:: BRIEF ::
Only one stretch of the data below is wanted: the lines from the one with "A detail of" through the one with "Three Men Winding Road Cycling Wallpaper", repeated exactly.
DATA EXTRACT: Begin
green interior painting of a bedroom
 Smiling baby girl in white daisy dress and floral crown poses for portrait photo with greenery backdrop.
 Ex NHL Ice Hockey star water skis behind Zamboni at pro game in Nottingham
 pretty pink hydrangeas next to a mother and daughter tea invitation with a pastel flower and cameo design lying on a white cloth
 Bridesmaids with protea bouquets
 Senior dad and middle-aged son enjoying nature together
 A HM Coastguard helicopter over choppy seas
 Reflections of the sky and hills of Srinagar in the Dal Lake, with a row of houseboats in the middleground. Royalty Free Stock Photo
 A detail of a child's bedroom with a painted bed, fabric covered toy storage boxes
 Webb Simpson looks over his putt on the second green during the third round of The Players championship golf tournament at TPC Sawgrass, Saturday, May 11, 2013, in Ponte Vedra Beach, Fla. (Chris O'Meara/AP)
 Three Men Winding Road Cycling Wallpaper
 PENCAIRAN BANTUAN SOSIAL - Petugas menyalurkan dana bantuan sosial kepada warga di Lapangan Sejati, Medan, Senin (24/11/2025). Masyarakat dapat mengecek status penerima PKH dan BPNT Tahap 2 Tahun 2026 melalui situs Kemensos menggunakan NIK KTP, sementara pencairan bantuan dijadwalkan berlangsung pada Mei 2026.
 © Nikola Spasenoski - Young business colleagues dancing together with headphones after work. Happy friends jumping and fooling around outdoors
DATA EXTRACT: End
:: WRITTEN RESPONSE ::
 A detail of a child's bedroom with a painted bed, fabric covered toy storage boxes
 Webb Simpson looks over his putt on the second green during the third round of The Players championship golf tournament at TPC Sawgrass, Saturday, May 11, 2013, in Ponte Vedra Beach, Fla. (Chris O'Meara/AP)
 Three Men Winding Road Cycling Wallpaper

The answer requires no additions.